Android, forking, and control: Communication
Posted Jun 7, 2011 16:39 UTC (Tue) by
boudewijn (subscriber, #14185)
In reply to:
Android, forking, and control: Communication by martinfick
Parent article:
Android, forking, and control
If you define "right after they started" as a period of over five or six years, yeah, then they gave up right after they started. They gave the GTK/Gnome world a long enough chance to produce something decent that a whole ecosystem of small Gnome/GTK-based companies sprouted. The same happened after they had to decide that Gnome/GTK was never going to work across Maemo and Symbian and they had to look for something better, which is Qt.
From my own experience with Nokia, with their involvement with first KOffice and then Calligra, a project that started in 2009, they really did everything right, and did do everything the way the community said it wanted -- if you budget for the fact that there was a learning curve for both the community and the company, which is only fair.
All the work on the KOffice/Calligra engine was done in the open, they took two dozen students as interns in an attempt to grow the community, joined sprints and conferences, used the project bugzilla and the project reviewboard.

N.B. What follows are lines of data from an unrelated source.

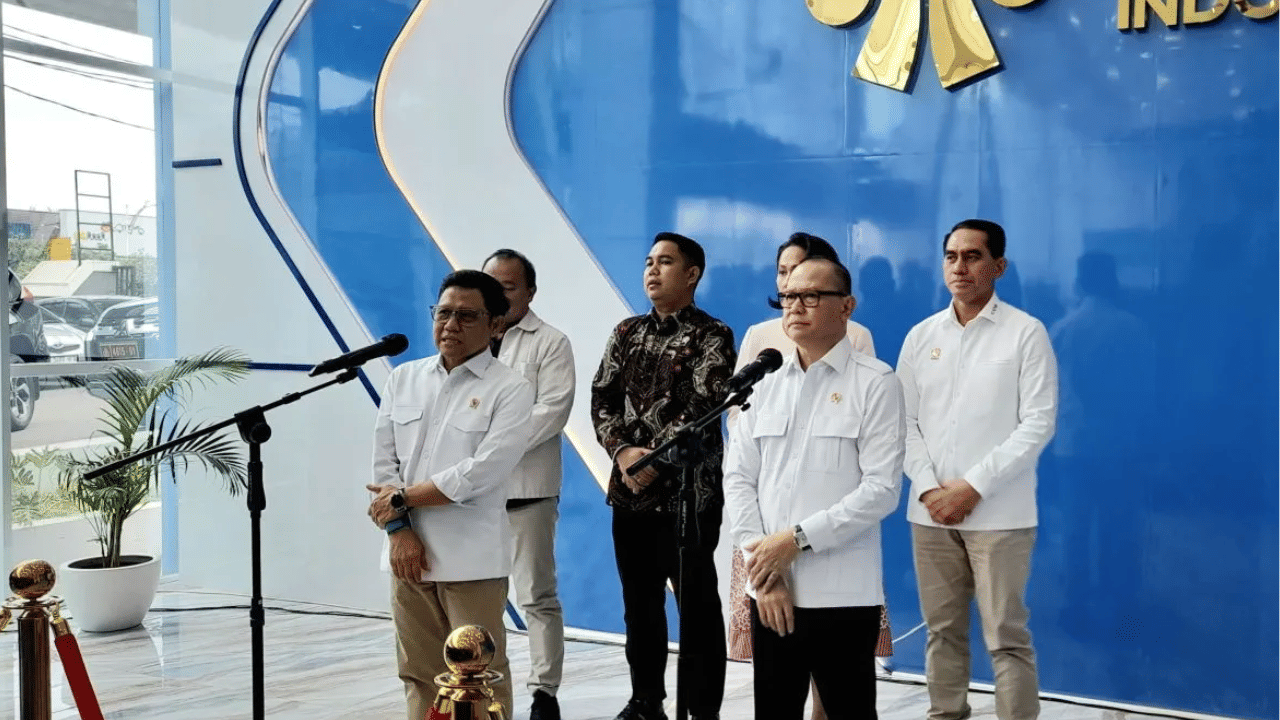 Indonesia to send 500,000 graduates abroad through SMK Go Global programme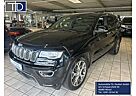 Jeep Grand Cherokee CRD Overland Pano,AHK,NAV,Luft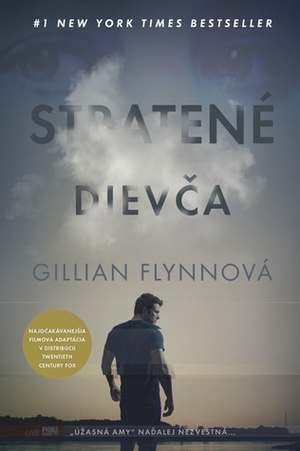 Stratené dievča by Gillian Flynn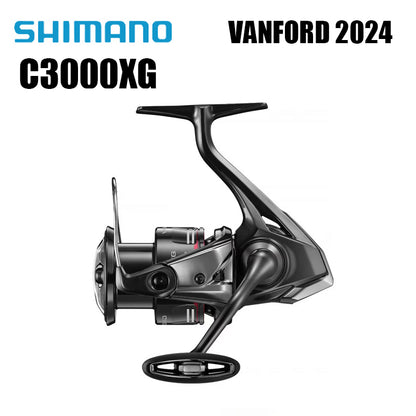 SHIMANO 2024 Vanford C3000XG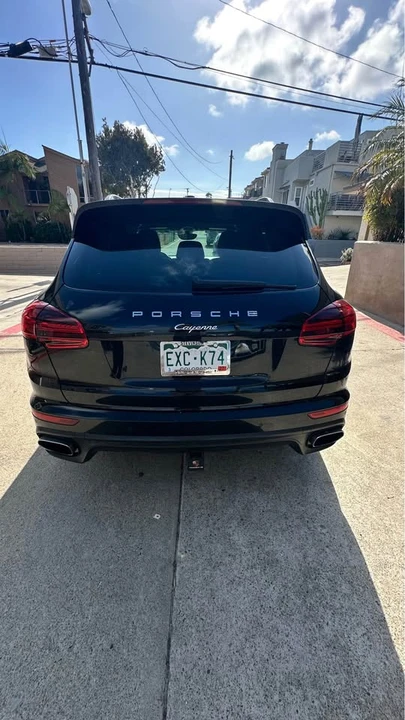 2016 Porsche 958 Cayenne - Image 4 of 14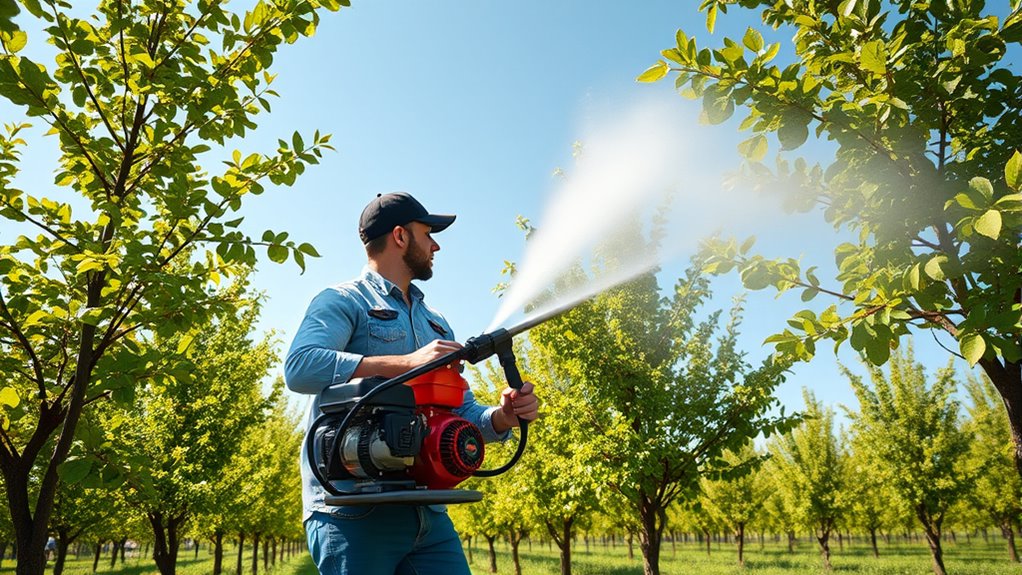 powerful efficient durable equipment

There's nothing for which they can be blamed and a lot for which they can be praised.
At the MWC in Barcelona, many people felt that Nokia had given working the open source way a fair try twice, and failed hard twice, while Apple with their "grab and don't give anything" mentality are a success and Google with their "grab and dump" mentality are a success, so open source is guaranteed failure.
In the end, though I am convinced that MeeGo didn't work for Nokia not because they worked with open source communities the wrong way or the right way: they failed because of internal problems and because of problems in their partnership with Intel. But nobody in the industry will see it that way.